Les pays du G7 avaient appelé début mars les pays producteurs de pétrole et de gaz à "agir de manière responsable et à examiner leur capacité à augmenter leurs livraisons sur les marchés internationaux", en vue de faire baisser le cours des hydrocarbures. Une injonction restée lettre morte, les pays arabes exportateurs de pétrole et de gaz affichant une neutralité dans le conflit et refusant de croitre leur production.

En réponse au G7, le ministre émirati de l’Énergie a appelé, lors du forum mondial de l’énergie à Dubaï, les Occidentaux à être " raisonnables " dans leurs attentes, réaffirmant son attachement à l’alliance Opep+ qui inclue la Russie. Dans un contexte de baisse des investissements dans le secteur pétrolier et gazier ces dernières années, un tel objectif est difficile à atteindre, certains pays membres de l’OPEP faisant face à un déclin de leur production. Le ministre a de même signalé la volte-face de l’Occident, prompt à condamner l’OPEP lors de la COP26 sur le climat, avant de les traiter à présent comme des "superhéros".

Adlene Mohammedi, docteur en géopolitique et spécialiste de la politique arabe de la Russie postsoviétique, explique à Ici Beyrouth que "les Saoudiens ne semblent pas vouloir tourner le dos aux Russes.

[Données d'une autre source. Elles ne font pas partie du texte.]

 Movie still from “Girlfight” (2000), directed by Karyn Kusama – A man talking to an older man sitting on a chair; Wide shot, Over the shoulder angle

Et il faut dire que les relations entre Riyad et l’administration Biden ne sont pas celles que la monarchie entretenait avec Donald Trump".

"Les Saoudiens et les Émiriens ne paraissent pas enclins à augmenter la production au-delà de ce qui est convenu avec la Russie. Peut-être que la stratégie peut changer. Mais, pour l’instant, les Russes n’ont pas été lâchés par l’OPEP" ajoute-t-il, les pays du Golfe étant proches à la fois de Moscou et de Washington. Des contacts diplomatiques ont eu lieu entre le Kremlin et les monarchies du Golfe, les dissuadant de répondre aux injonctions occidentales.

Même son de cloche pour l’Algérie, qui, selon M. Mohammedi, est dans une situation "d’interdépendance" vis-à-vis de la Russie. "Mais les Russes ont appris à compartimenter leur politique étrangère. Et ils savent bien que l’Algérie est une alternative hypothétique pour l’Europe dans le domaine énergétique", ajoutant que "la Russie est consciente que l’Algérie n’a pas forcément les moyens de se substituer à la Russie en tant que fournisseur de gaz".

Une situation complexe, qui montre d’une part, la nouvelle centralité des pays du Golfe dans cette nouvelle conjoncture, d’autre part l’affaiblissement des relations Golfe-Occident, qui devient peu à peu un simple partenaire stratégique parmi d’autres.